### Source material
○ ○ ○ ○ ○

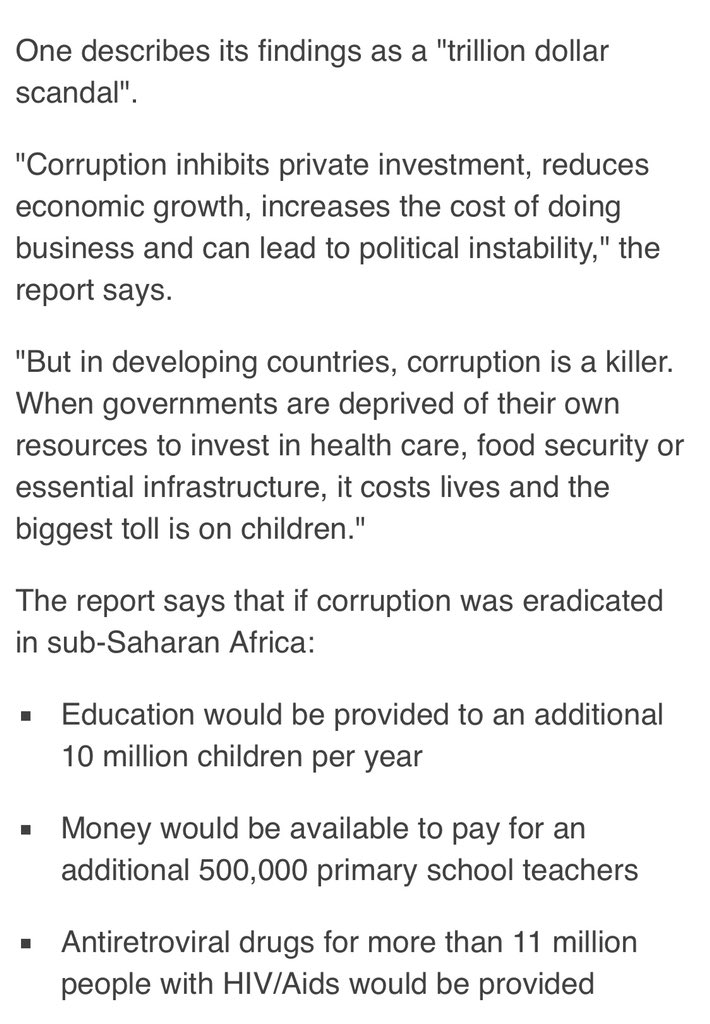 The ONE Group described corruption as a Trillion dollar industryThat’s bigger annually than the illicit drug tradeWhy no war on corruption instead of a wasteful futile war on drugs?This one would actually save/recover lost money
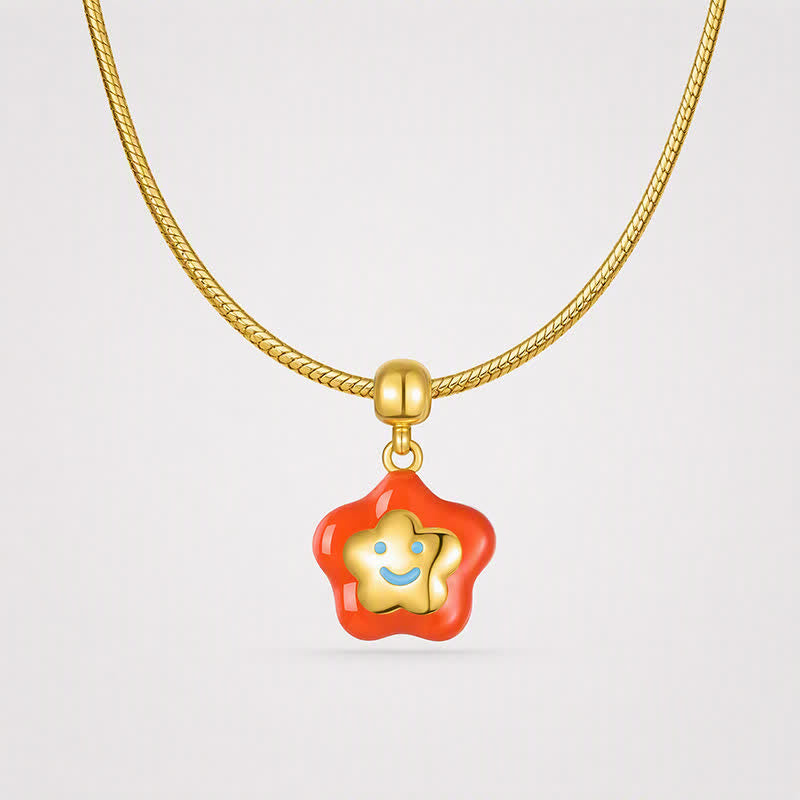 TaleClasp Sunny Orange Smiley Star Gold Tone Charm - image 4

○ ○ ○ ○ ○

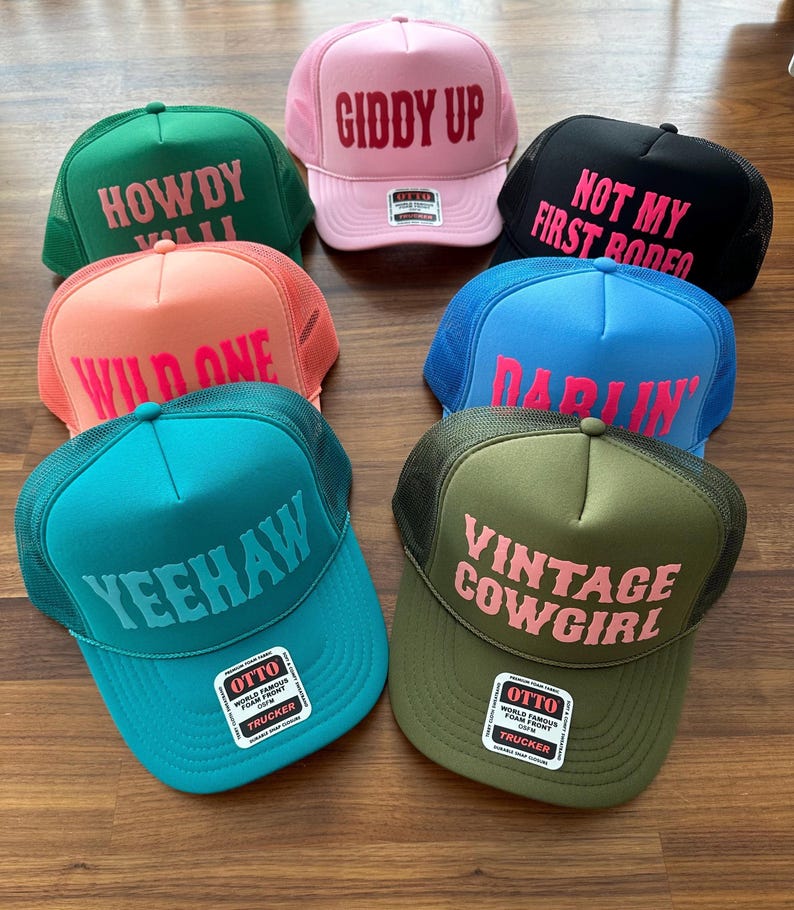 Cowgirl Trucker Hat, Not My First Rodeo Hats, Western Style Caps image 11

○ ○ ○ ○ ○

### Instructions to follow
Could you write out exactly the lines of the data above that run from the one holding "The ONE Group" to the one holding "TaleClasp Sunny Orange", with both ends in and all pictures out?

### Written solution
 The ONE Group described corruption as a Trillion dollar industryThat’s bigger annually than the illicit drug tradeWhy no war on corruption instead of a wasteful futile war on drugs?This one would actually save/recover lost money
 TaleClasp Sunny Orange Smiley Star Gold Tone Charm - image 4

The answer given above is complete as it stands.